Dr. Ariyo Obatomi, an historian in a chat with BusinessHallmark said that the National Assembly failed to address the issue of restructuring and the fundamental defects in the 1999 Constitution.

He said even “President Yar Adua condemned the election that catapulted him to power as defective and needed a review same way Obasanjo later admitted that the election that also brought him to power was not perfect. Yet, the National Assembly refused to do the needful.”

The Senate President, Ahmad Lawan had, on February 6, 2020, set up a 56- member committee for the purpose of constitution review, with all the principal officers as members in addition to one senator from each state, and two others, selected to represent each geo-political zone.
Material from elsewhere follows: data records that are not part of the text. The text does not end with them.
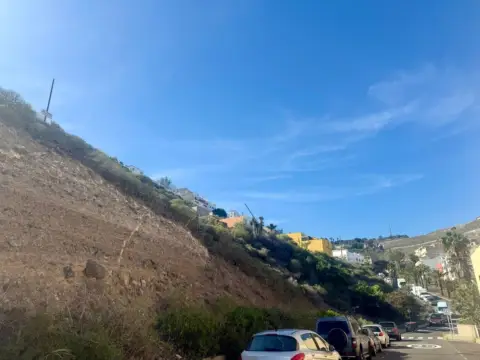 Terreno en calle Guanaboa, 38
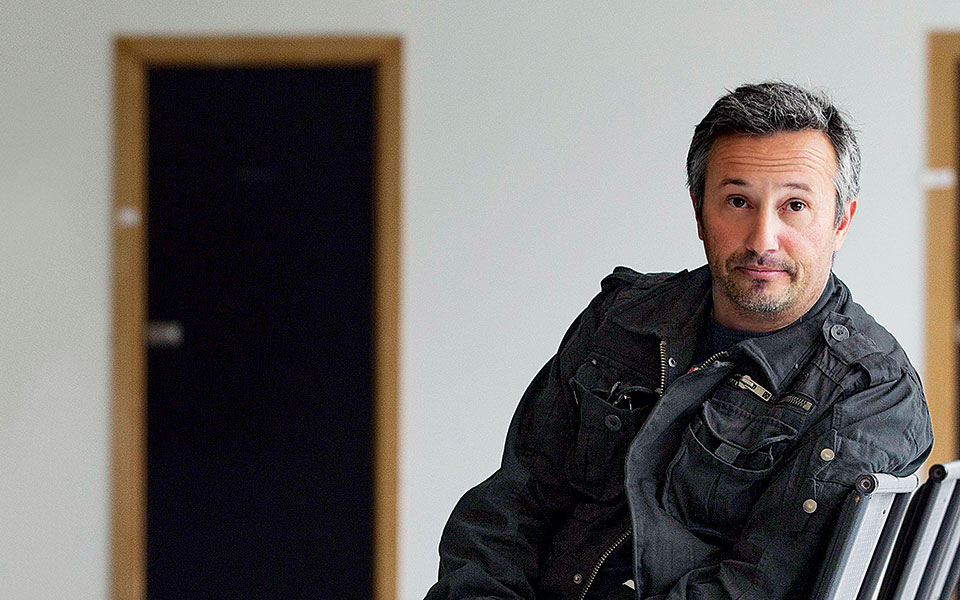 σεμπαστιάν-βαλιελά-ο-λύκος-των-παπαρ-2034927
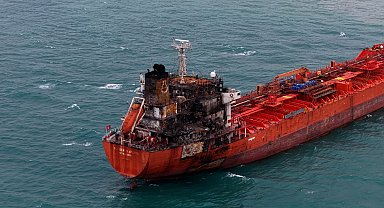 Dron saldırısı sonrası sürüklenip, Samsun'da karaya oturan tanker, römorkörle alınacak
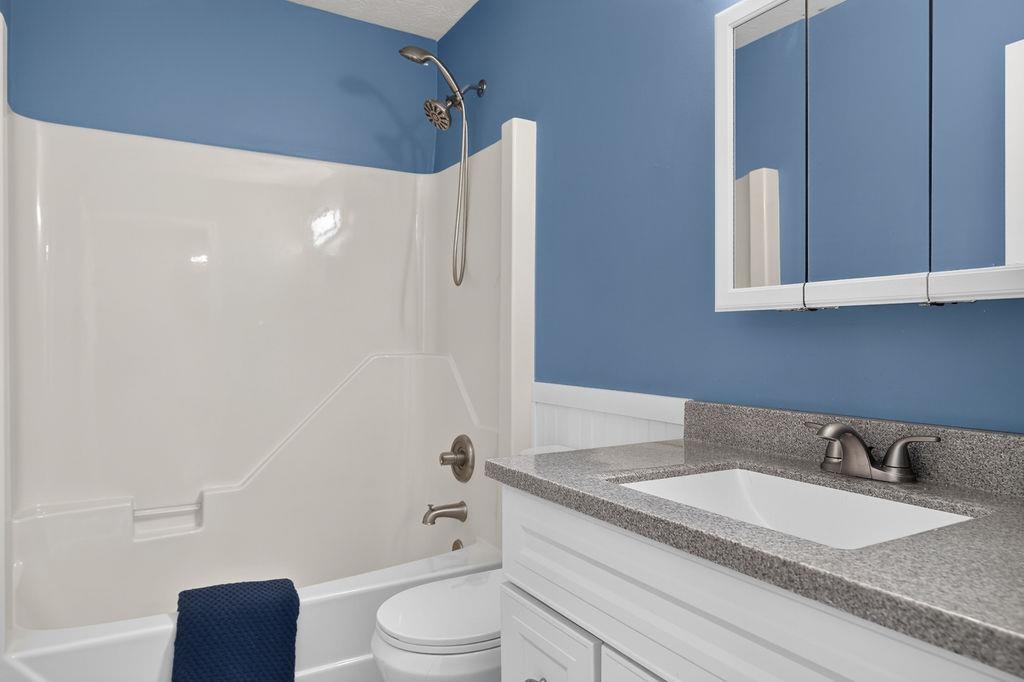 130 NORTHWOOD DR, WAYNESBORO, Virginia 22980, 3 Bedrooms Bedrooms, ,2 BathroomsBathrooms,Residential,130 NORTHWOOD DR,683119 MLS # 683119 130 NORTHWOOD DR, WAYNESBORO, Virginia 22980, 3 Bedrooms Bedrooms, ,2 BathroomsBathrooms,Residential,130 NORTHWOOD DR,683119 MLS # 683119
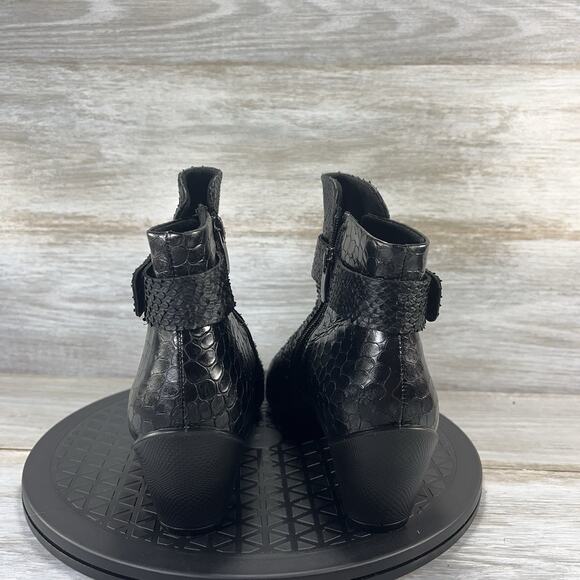 ECCO Women’s Sculptured Black Leather Embossed Ankle Boots Size EU 39 US 8.5 - Picture 4 of 9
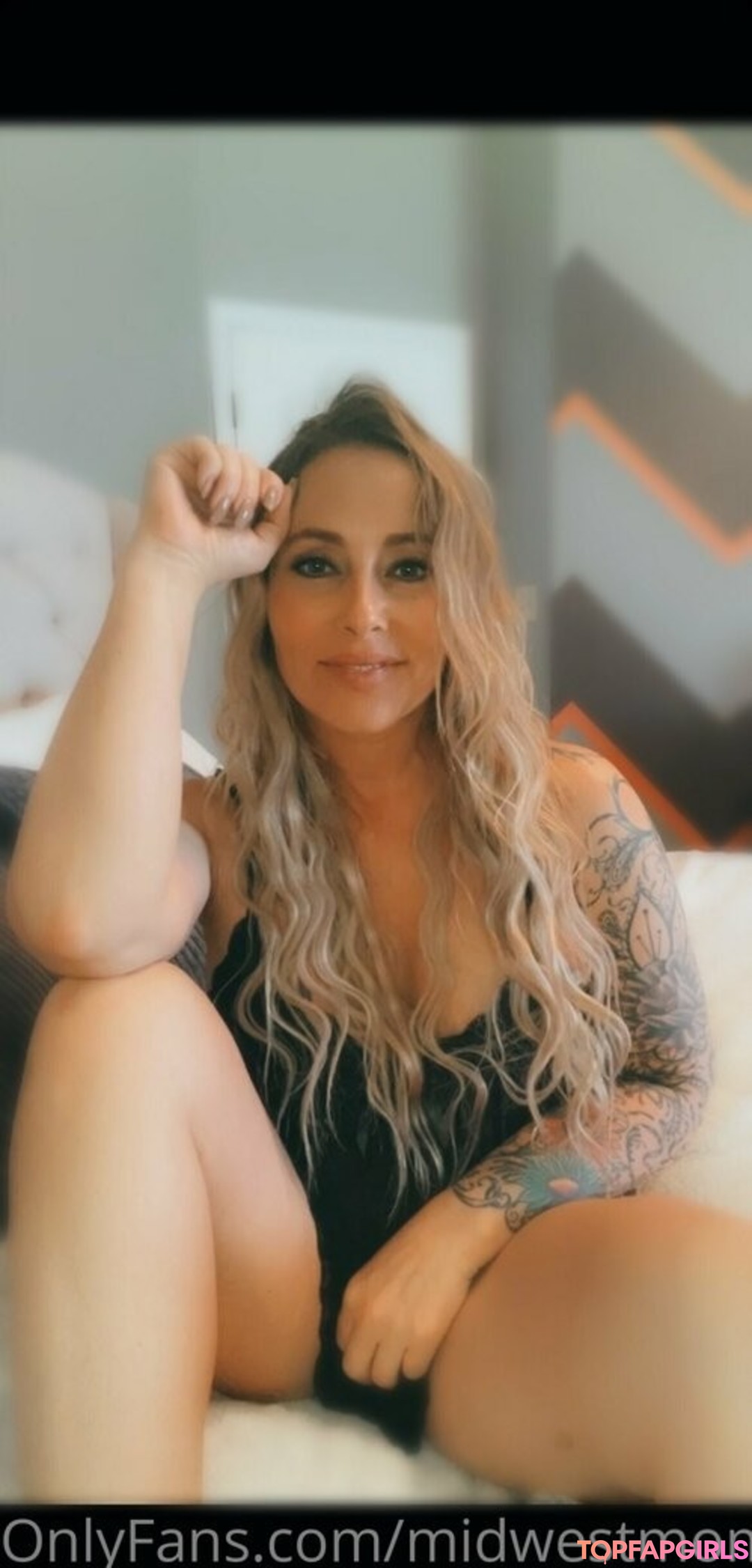 Foto di nudo di fuga di OnlyFans di Midwestmomfree #60 Foto di nudo di fuga di OnlyFans di Midwestmomfree #60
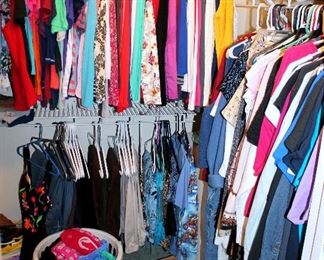 Lots of nice women's clothing - size medium petite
In a report by Premium Times sometimes in 2015, the online medium said huge sums of money were sunk into this review without actually addressing the restructuring needs of Nigerians.

In an investigation lasting months, this newspaper found that between 2011 and 2015, the 53-member House of Representatives Ad-hoc Constitution Review Committee and its 49-member counterpart in the Senate in the 7th National Assembly withdrew N3,250,000,000.00 and N4,500,000,000.00 respectively to purportedly execute the fourth alteration of the Constitution.

“It is not immediately clear how the lawmakers spent the outrageous funds but insiders say a huge chunk of it was pocketed by members of the committees in what one source described as unprecedented naira bazaar, by a committee of the National Assembly.

However, it is not known how much the current National Assembly have spent in the review.